(Last week, a friend of mine confessed that she had no idea where to find a good selection for her eReader. I’ve done a little digging and these are my favourites)
So, you betrayed your principles, the printed page and all that is good in the world and acquired an eReader.*
You’ve tinkered with the settings, brightness and contrast.
You’ve oohed and aahed at the ‘amazing’ screensavers and marvelled at the glare free screen.
You’ve downloaded the free copy of Winnie the Pooh from the linked book store (where available).
Now it’s time to build up some sort of collection.
There are a number of sites/marketplaces/stores where e-Books – in a variety of different formats – are fairly accessible, even to the most technically challenged reader. Possibly the best known are Amazon and Apple, but most book stores and their related web sites now have ebook sections.
For some incredibly inconvenient reason, there are dozens of different formats, so bear in mind that you need to research which will work for you.
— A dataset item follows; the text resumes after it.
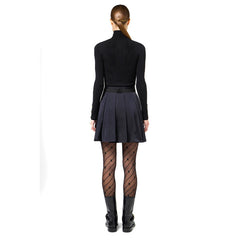 Elisabetta Franchi Jurk Dames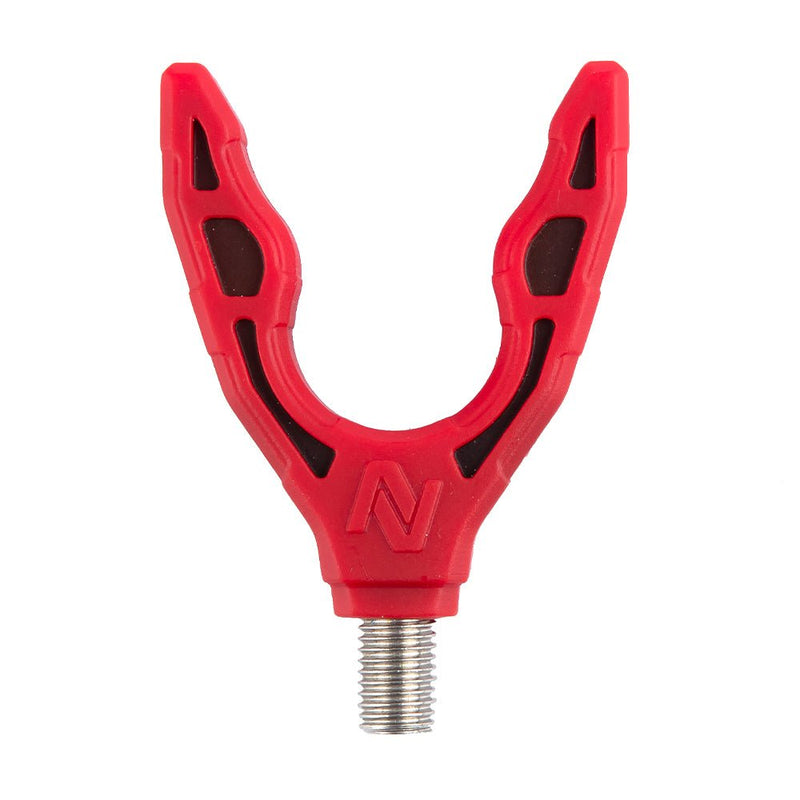 Steady Duo Supporto per Canna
I hate when these ‘format wars’ come into play. Sure, part of the battle is to find a suitable working format, but for the most part, I’m pretty sure this overwhelmingly impacts the consumer negatively. Like if you had a kindle and then got an iPad, you can’t (couldn’t?) swop your books over? Grrr.
From a quick search online, and after chatting with my mates, there are two primary complaints to be heard over and over again – eBooks cost too much, and the choice is limited.
With regards to the latter, I think that time will be the only solution. The longer eBooks are a viable option, the more books will be released in varying formats. And here in the UK, the emphasis is till very much on printed books. As the eBook market grows, more stores will offer a greater range.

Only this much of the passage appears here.